Há algumas semanas, tratamos aqui de aspectos básicos das leis de incentivo ao esporte, bem como dos principais elementos a serem observados desde a concepção até a prestação de contas de projetos executados com base na lei federal. Conforme ali exposto, são diversas as formas pelas quais o automobilismo pode se beneficiar desse mecanismo, desde a organização de competições até o custeio de temporadas de pilotos. Apesar da diversidade, é usual que a relação entre leis de incentivo e automobilismo dê-se no âmbito da prática do esporte de rendimento. E isso nos conduz ao tema do texto de hoje: a certificação de entidades esportivas.
Para compreender a relação entre a certificação e a lei de incentivo ao esporte, é preciso ter em mente que o esporte pode ser reconhecido em diferentes manifestações. Elas se encontram definidas pelo artigo 3º da Lei Pelé como (i) desporto educacional, (ii) desporto de participação, (iii) desporto de rendimento e (iv) desporto de formação. Não por acaso, o artigo 10 da Portaria 424/2020 do Ministério da Cidadania indica que cada projeto associado à lei federal de incentivo ao esporte deve se enquadrar em uma dessas manifestações – com a ressalva de que a norma considera o desporto de formação como parte do desporto de rendimento, diferentemente do que preconiza a lei.

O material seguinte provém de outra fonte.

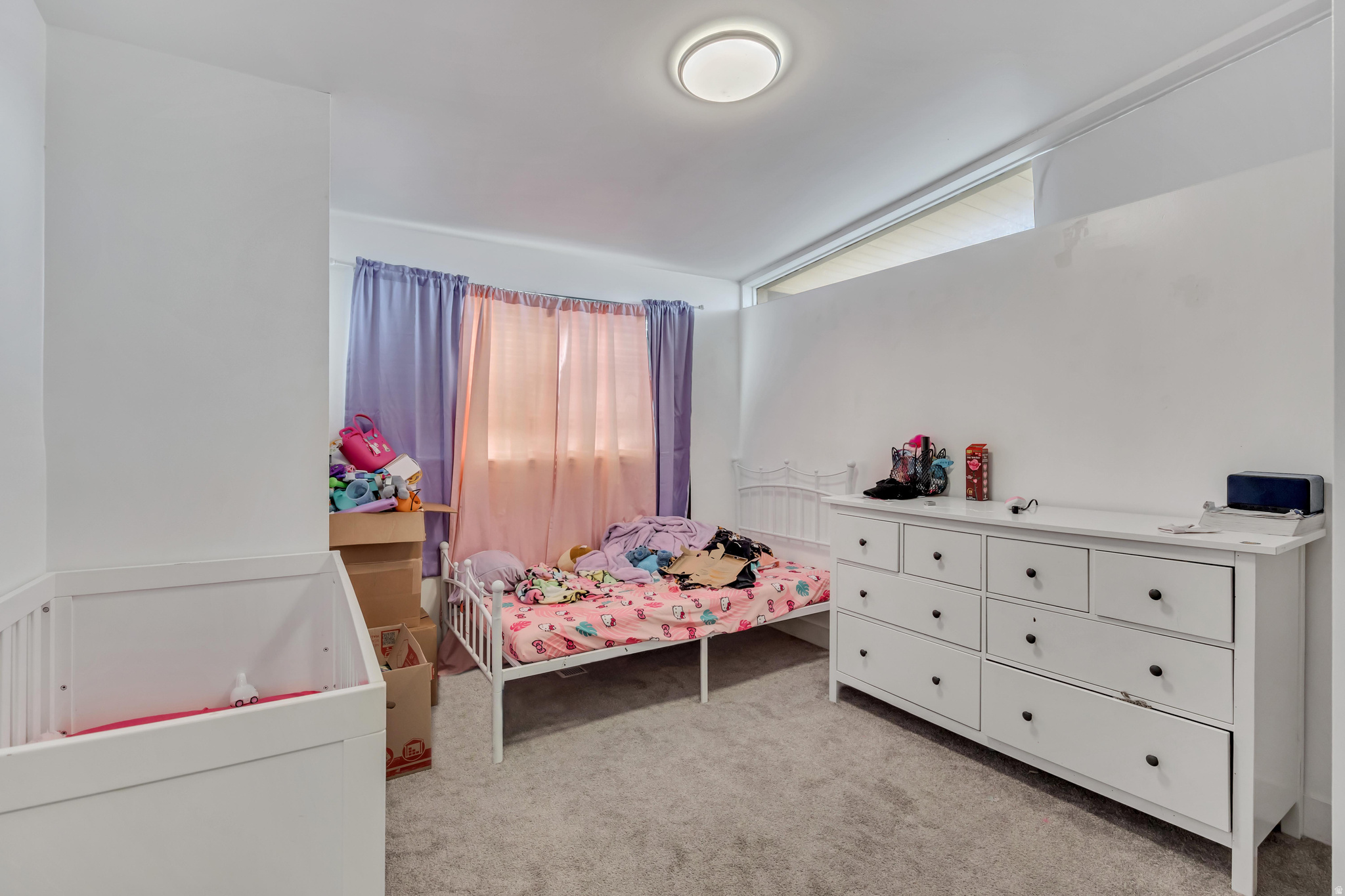 GRANITE CONDOMINIUMS - Residential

A indicação da manifestação esportiva deve ocorrer no plano de trabalho, sendo de grande importância para definir regras específicas aplicáveis a cada caso. A título de ilustração, os limites máximos de valores para cada projeto, impostos pela Portaria 424/2020, variam conforme a manifestação do desporto de que se trata: R$ 5 milhões para desporto de rendimento, R$ 2,5 milhões para desporto de participação e ilimitado para desporto educacional. Outro exemplo é que a manifestação educacional é um fator de prioridade na tramitação dos projetos. E dentre outras especificidades, a que mais nos interessa aqui é aquela contida no artigo 34, §12º: “os Projetos de Manifestação Desportiva de Rendimento, deverão apresentar obrigatoriamente, sua certificação, em cumprimento ao artigos 18 e 18-A da Lei nº 9.615, de 1998“ (sic).
A certificação é, portanto, requisito indispensável para aprovação dos projetos que envolvem a prática esportiva de rendimento – como é o caso de boa parte daqueles relacionados ao automobilismo. Mas, afinal, do que ela trata?
Cuida-se da verificação, pela Secretaria Especial do Esporte, no âmbito do Ministério da Cidadania (ao qual foram atribuídas as competências antes inerentes ao extinto Ministério do Esporte), acerca do cumprimento dos artigos 18 e 18-A da Lei Pelé pelas entidades esportivas. Esses dispositivos estabelecem uma série de regras relacionadas a governança, gestão democrática, transparência e participação de atletas que devem ser observadas pelas entidades esportivas como condição, por exemplo, para se beneficiarem de verbas por meio da lei de incentivo ao esporte com vistas à execução de projetos envolvendo desporto de rendimento.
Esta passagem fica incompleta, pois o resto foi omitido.